Trust issues in cloud computing environments can be divided into four sub-categories (Bezzi, Kalavuri & Sabetta, (2011) which include:

• How to define and evaluate trust according to the unique attributes in cloud computing environments.

• How to handle malicious information when trust relationships in clouds are temporary and dynamic.

• How to consider and provide a different security level for service according to the trust degree.

• How to manage trust degree change with interaction time and context, and to monitor, adjust, and to accurately reflect the trust relationship dynamic.

2.4 Cloud Monitoring Issues

Cloud Computing has a number of positive aspects pushing for its rapid adoption, from both the economic and the technical perspectives (Tormo, Marmol & Perez, 2012). The Cloud provides a lower Total Cost of Ownership, and increased flexibility in terms of both resources and Service Level Agreements. It allows for the focusing on the core business, by ignoring the costs related to infrastructure management. It also provides an improved scalability, ubiquitous access to data and resources, and advanced disaster recovery mechanisms. Together with these positive aspects Cloud Computing has a number of challenges for which the research community and industry are investing resources. Monitoring issues in cloud computing environments can be divided into four sub-categories (Dondio & Longo, 2011). The requirement is for accurate and fine-grained monitoring, platforms and measurement techniques.

• How to best monitor and measure provision of scalability, load balancing, Quality of Service (QoS), service continuity and application performance.

• How to guarantee SLAs.

• How to realize best measurement for management of large scale, complex and federated infrastructures.

• How to evaluate the root causes of end-to-end performance.
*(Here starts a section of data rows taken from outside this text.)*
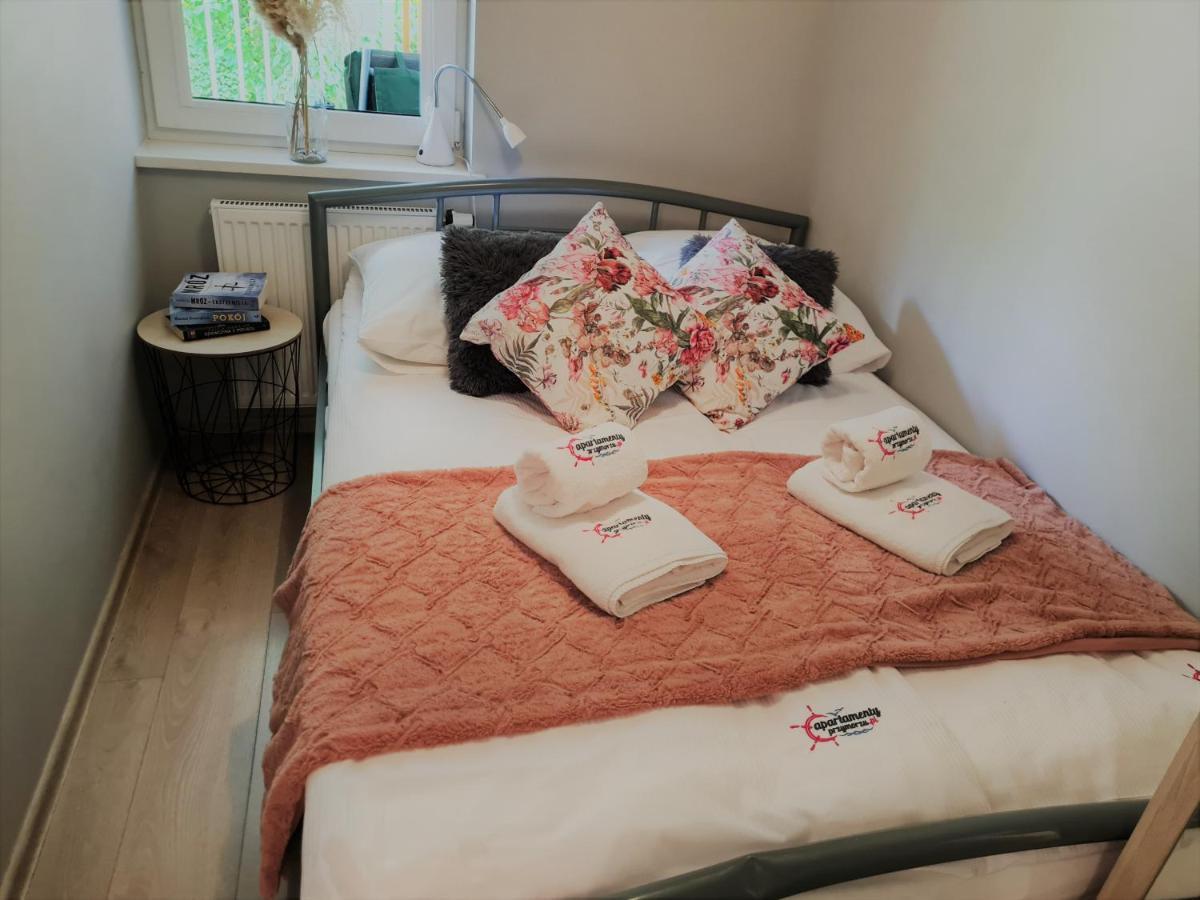 Apartamentyprzymorzu Apartament Z Basenem I Bawialnia Kołobrzeg Εξωτερικό φωτογραφία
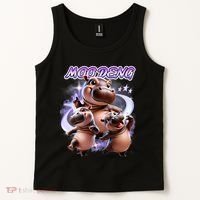 Moo Deng Tank Top thumb 2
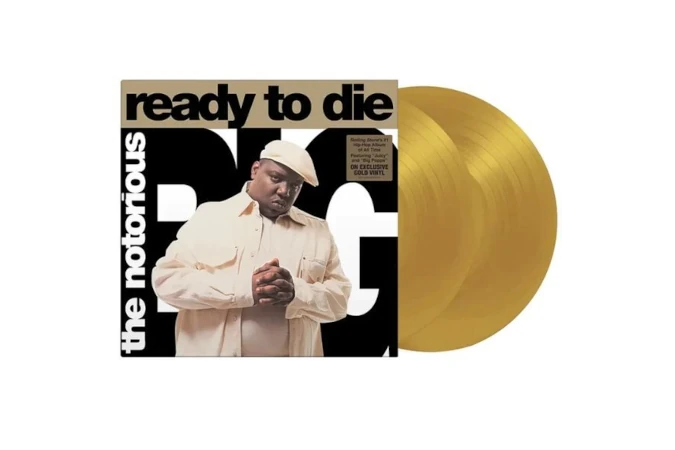 Notorious B.I.G. - Ready To Die (Target Exclusive, Vinyl) (2LP) (Gold)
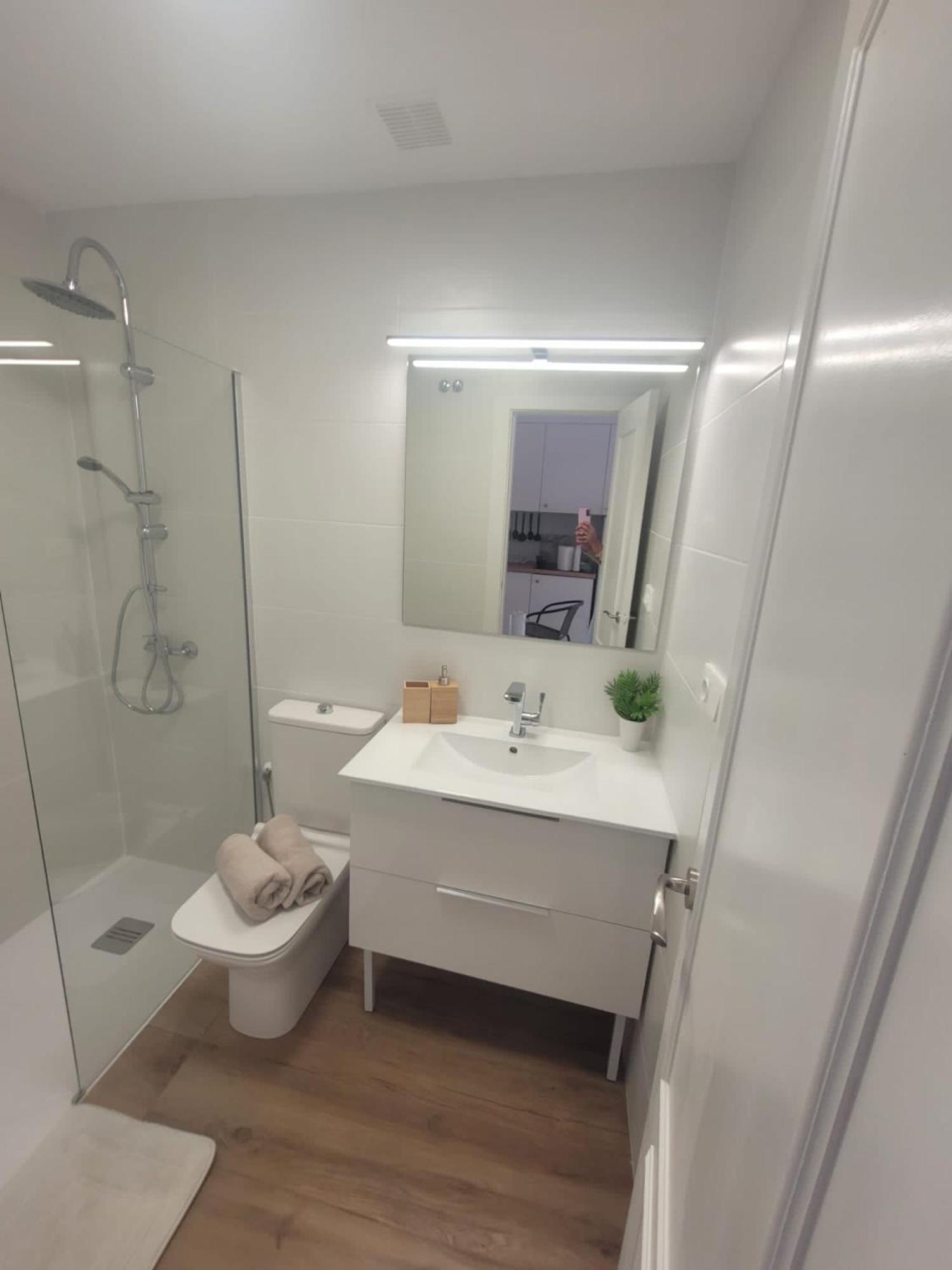 Przytulny Apartament 100M Od Plazy Torrevieja Ngoại thất bức ảnh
3 Cloud Identity Effective cloud management recognises the need to use identity and advanced identity management mechanisms to overcome many of the issues noted in section 2. Identity management systems provide authentication and authorization based on end user identities. They keep privacy, while at the same time provide interoperability across multiple domains. Traditional identity management systems allow the end users, to some extent, to manage their personal information for accessing certain services. However, cloud computing brings a different perspective related to the end users’ interests. Additionally, end users are more concerned about who can access their data. Identity management systems have been shown to be secure and efficient in diverse contexts and scenarios. By establishing trust relationships between providers and domains, identity management systems offer a huge range of features both for end users and for organizations regarding controlling and exchanging identity-related information while maintaining the privacy (Fang et al., 2012).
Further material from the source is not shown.